Former US national security adviser Henry Kissinger has warned that strains between Washington and Beijing pose “the biggest problem” for the world, and a failure to improve them risks a “cold war” between the world’s two largest economies.
“It’s the biggest problem for America; it’s the biggest problem for the world. Because if we can’t solve that, then the risk is that all over the world a kind of cold war will develop between China and the United States,” Kissinger told the McCain Institute’s Sedona Forum on global issues.
The 97-year-old veteran diplomat warned rather ominously that while nuclear weapons were already large enough to damage the entire globe during the Cold War, advances in nuclear technology and artificial intelligence - where China and the United States are both leaders - have multiplied the doomsday threat.
"For the first time in human history, humanity has the capacity to extinguish itself in a finite period of time," Kissinger said.
"We have developed the technology of a power that is beyond what anybody imagined even 70 years ago."
"And now, to the nuclear issue is added the high tech issue, which in the field of artificial intelligence, in its essence is based on the fact that man becomes a partner of machines and that machines can develop their own judgement," he said.
"So in a military conflict between high-tech powers, it's of colossal significance."

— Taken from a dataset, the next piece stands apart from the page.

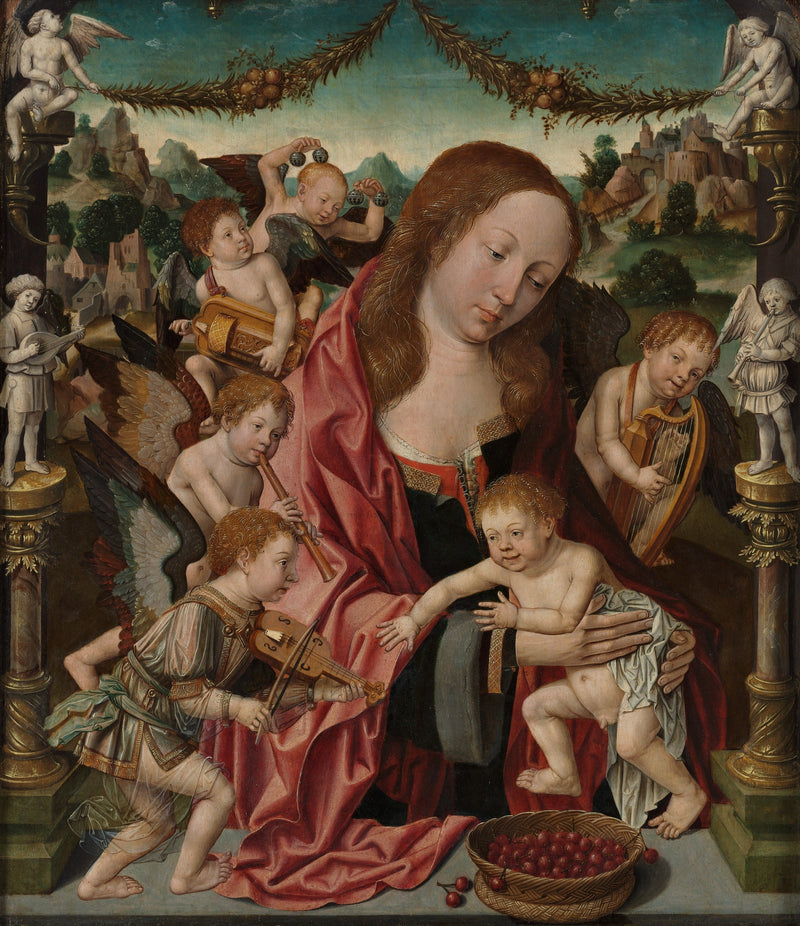 Vierge et enfant avec des anges musiciens - Jacob Cornelisz van Oostsanen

The Cold War between the United States and the Soviet Union during the decades after World War II was more one-dimensional, focused on nuclear weapons competition, said Kissinger, one of the leading strategic thinkers of the past six decades.
"The Soviet Union had no economic capacity. They had military technological capacity," he said.
"(They) didn't have developmental technological capacity as China does. China is a huge economic power in addition to being a significant military power."
Kissinger said US policy toward China must take a two-pronged approach: standing firm on US principles to demand China's respect, while maintaining a constant dialogue and finding areas of cooperation.
"I'm not saying that diplomacy will always lead to beneficial results," he said.
"This is the complex task we have... Nobody has succeeded in doing it completely," he said.